(Beginning of DATASET EXTRACT)
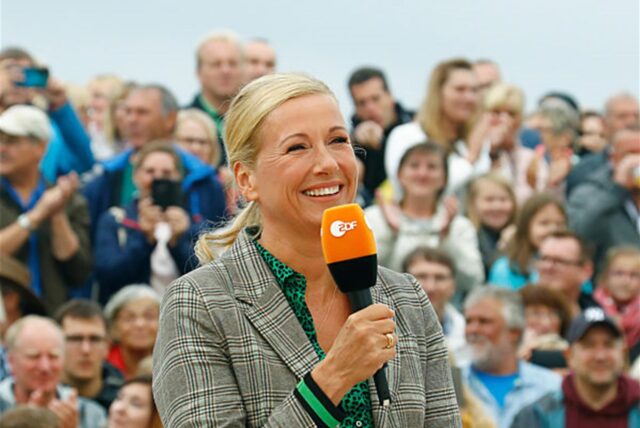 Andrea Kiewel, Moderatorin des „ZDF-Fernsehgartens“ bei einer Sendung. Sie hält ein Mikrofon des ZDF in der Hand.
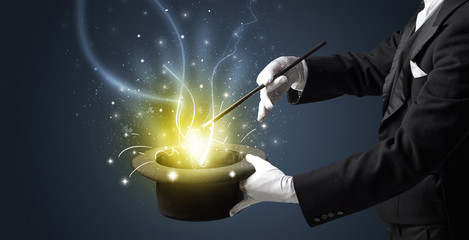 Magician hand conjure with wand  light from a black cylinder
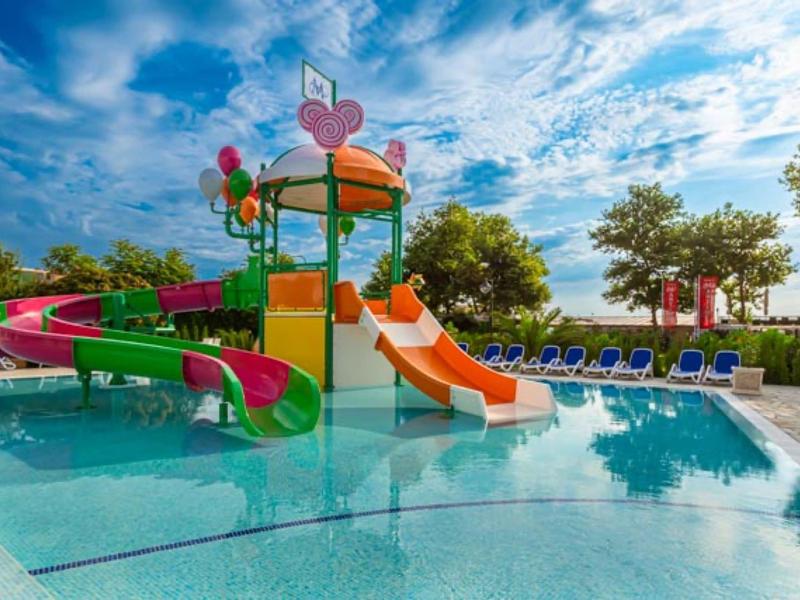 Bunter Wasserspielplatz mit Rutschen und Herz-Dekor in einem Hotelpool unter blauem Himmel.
(End of DATASET EXTRACT)
■ TASK DIRECTIONS
All of the data should come back exactly as written, but without pictures.

■ SOLVED PROBLEM
 Andrea Kiewel, Moderatorin des „ZDF-Fernsehgartens“ bei einer Sendung. Sie hält ein Mikrofon des ZDF in der Hand.
 Magician hand conjure with wand  light from a black cylinder
 Bunter Wasserspielplatz mit Rutschen und Herz-Dekor in einem Hotelpool unter blauem Himmel.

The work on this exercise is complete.